Big pile of colorful paper notes with question marks. Courtesy of Getty Images.
Courtesy of Getty Images

Questions, we have questions

This article originally appeared in the fall/winter 2023 edition of art/sci magazine. This semester, The Daily will share some of the articles from the latest edition of the magazine. View more stories at artsci.case.edu/magazine.

It’s not just young children who want to know why the sky is blue or what croaking frogs are saying. We are all driven by questions. Luckily, College of Arts and Sciences faculty have answers. 

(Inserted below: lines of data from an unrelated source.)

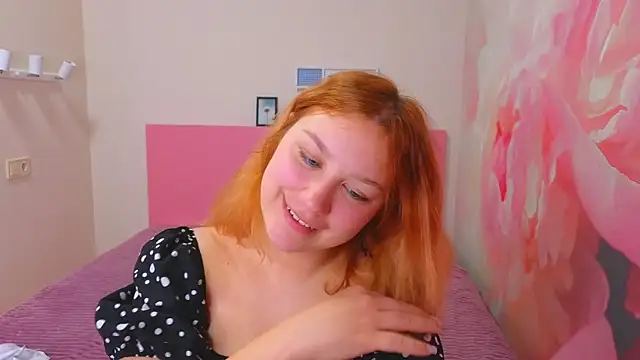 AngelinaLow online show from April 18, 11:35 am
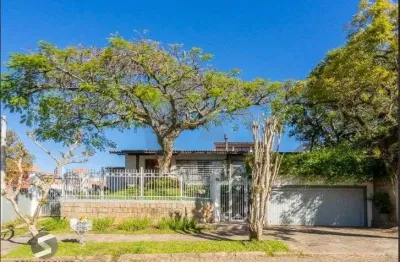 Casa com 3 quartos para alugar na Rua Matias José Bins, 903, Três Figueiras, Porto Alegre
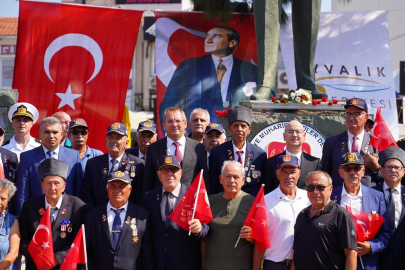 BARIŞ VE ÖZGÜRLÜK BAYRAMI AYVALIK’TA KUTLANDI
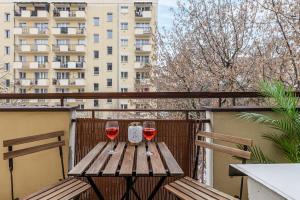 Lumina I 2BR Apartment with 2 Balconies I 3 AC I City Center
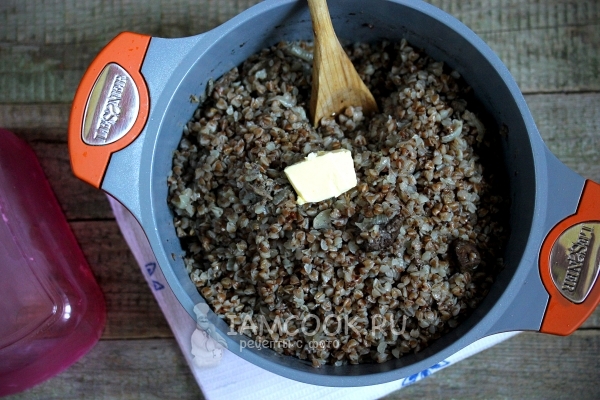 Положить масло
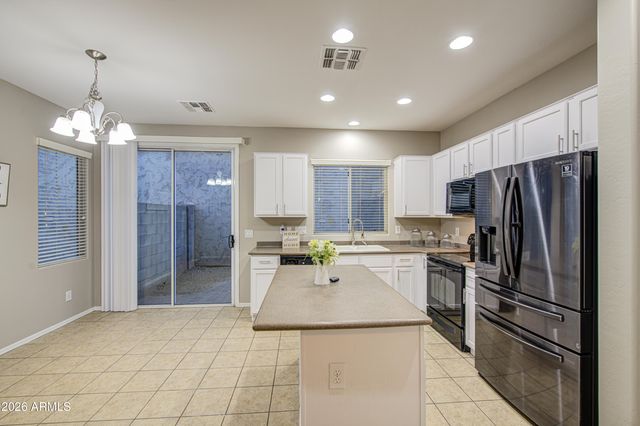 7759 W MONTE VISTA Road, Phoenix, AZ 85035
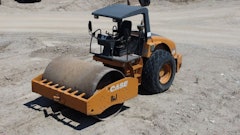 CASE single drum roller.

What are frogs saying when they croak?

Frogs make all kinds of sounds, from croaks to something like a banjo string being plucked or a thumb dragged across a comb’s teeth, said Michael Benard, associate professor and chair of the Department of Biology. But whatever their sounds, frogs— mostly male—vary them to mainly make three types of calls. The advertising call attracts females; the encounter call warns another male that he’s too close; and the release call tells a male that, perhaps mistakenly, grabs onto another male—rather than a female he intends to mate with—to back off.

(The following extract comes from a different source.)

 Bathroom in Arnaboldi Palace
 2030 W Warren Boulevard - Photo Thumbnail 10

Why do we use our hands when we speak?

“We gesture for the same reason we speak (or use sign language)—to communicate and organize our own thoughts,” said Fey Parrill, a professor and chair of the Department of Cognitive Science and director of the college’s Language and Cognition Lab. Language is actually speech plus gestures. Hand movements help promote understanding. Some people gesture more, especially if they are extroverts. Some cultures feature more conversational gestures, like those that speak Romance languages. “But everybody gestures —and it’s spontaneous.”

What’s a word we think is recent, but has been around a long time?

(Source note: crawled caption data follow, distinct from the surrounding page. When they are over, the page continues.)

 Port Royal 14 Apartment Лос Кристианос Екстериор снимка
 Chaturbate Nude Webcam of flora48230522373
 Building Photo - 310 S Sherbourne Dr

OMG! As in the abbreviation for “oh my god,” said Kimberly Emmons, the Oviatt Professor of English and an associate professor. According to the Oxford English Dictionary, in 1917 a retired British admiral wrote to young Winston Churchill, then minister of munitions, to complain about the flurry of knighthoods—with their three-letter abbreviations—being given out. “I hear that a new order of Knighthood is [under discussion]” he wrote. “O.M.G. (Oh! My God!)— Shower it on the Admiralty!!”